Apologizing to someone is one of the most difficult things to do, especially when a person does not accept blame to begin with. However, if the person is a family member or someone that must be addressed on a regular basis, it is best to mend fences and find ways to get along. Someone has to be the bigger person, and it is usually the one that was not at fault. It takes two people to argue and fight, but it only takes one to break down a relationship and destroy trust. It is hard to offer an apology, even more so when it is undeserved, but it is even harder when the person does not accept it. After coming to the realization that some people would rather complain and argue than get along, it is important to accept the situation and find ways to move on.
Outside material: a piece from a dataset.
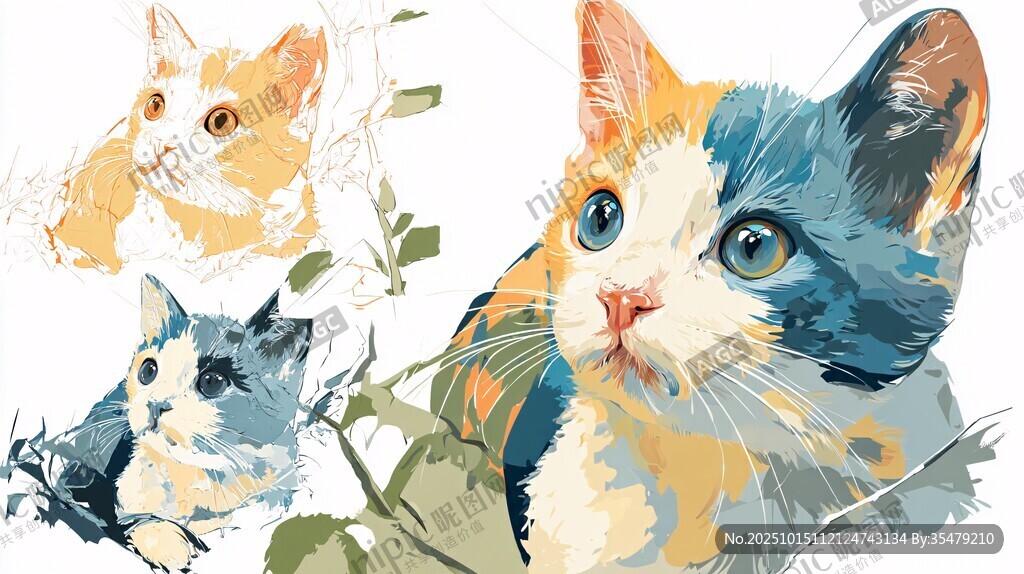 多彩猫咪插画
Make Photocopies of Letters, Emails, Gifts and Postage Receipts
Family members and friends are often involved when people are not getting along. They might not be directly involved, but they know the situation. Gossip travels fast. Well meaning friends and relatives want those that are feuding to make amends. When someone does not accept an apology, others might think that no one tried. Do not accept blame for a second time. Make photocopies of letters, emails, gifts and postage receipts to show that genuine effort was made to resolve the conflict. When someone does not accept a sincere apology, at least mutual friends and family members can honestly say that they tried.
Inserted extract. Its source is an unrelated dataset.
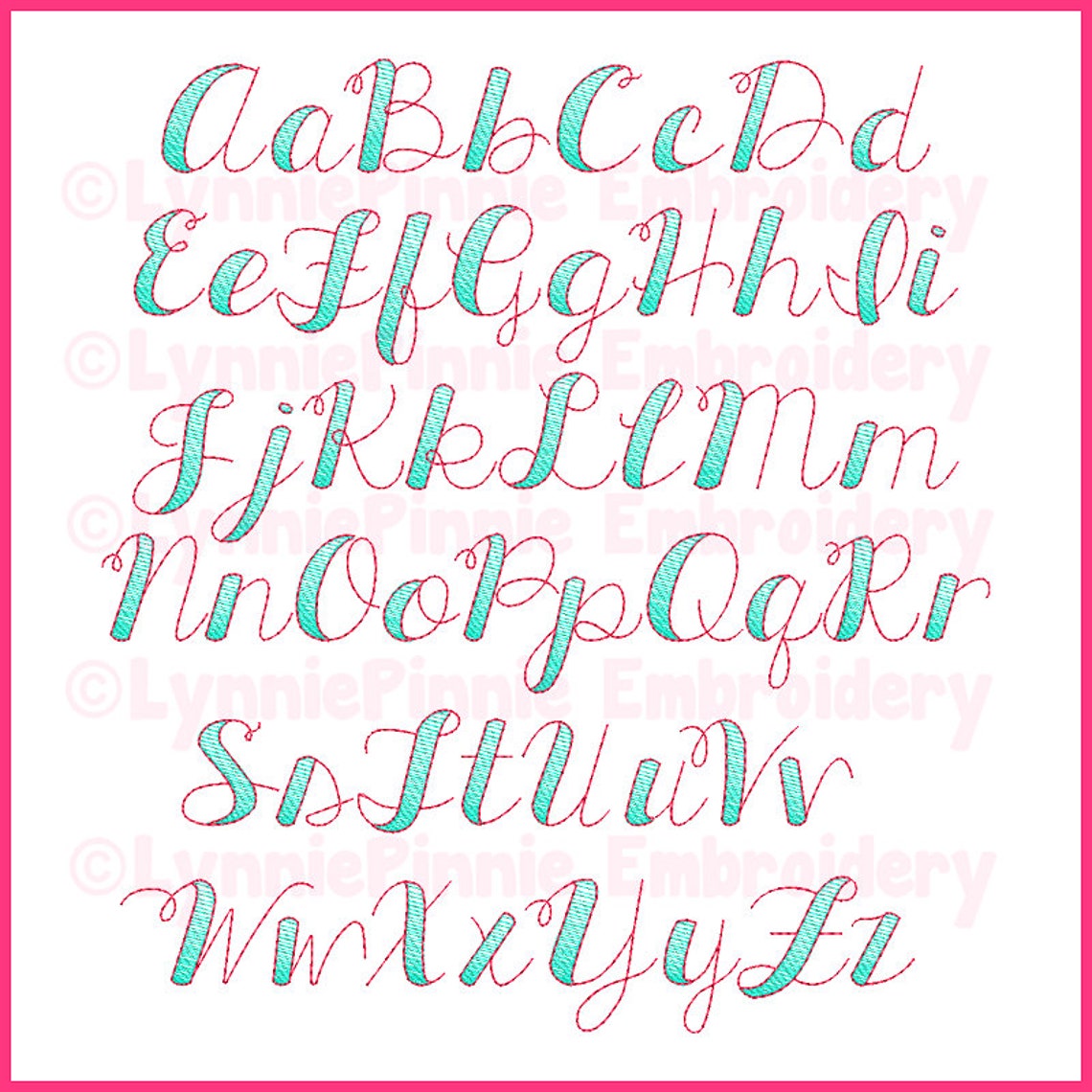 Run Text Cursive All Things New Cursive Sketch Gradient Fill Triple Run Embroidery Font ...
Do Not Harass the Person with Further Cards, Calls or Gifts
Sometimes people do not want to make amends. In a twisted way, some are happier when they have something to complain about and someone to despise. These types of people need a therapist more than they need a greeting card. If a person tries to apologize and the apology is not well received, they should not waste time or money on additional phone calls, cards or gifts. Kind gestures can be interpreted as stalking. If a sincere apology is not good enough, an apology every other day will not be good enough either.
Let it Go and Move On
When someone will not accept an apology, it is important to let it go and move on. After all, apologizing was the right thing to do. People cannot be forced to accept an apology and forgive unkind words, mistakes, thoughtless actions or errors in judgment. After doing the right thing to no avail, the ball is in their court. The person that will not accept an apology is the one with the problem. They will have to live with the decision to ignore the apology, but those that took the step to apologize can move on with a clear conscience while knowing that they tried.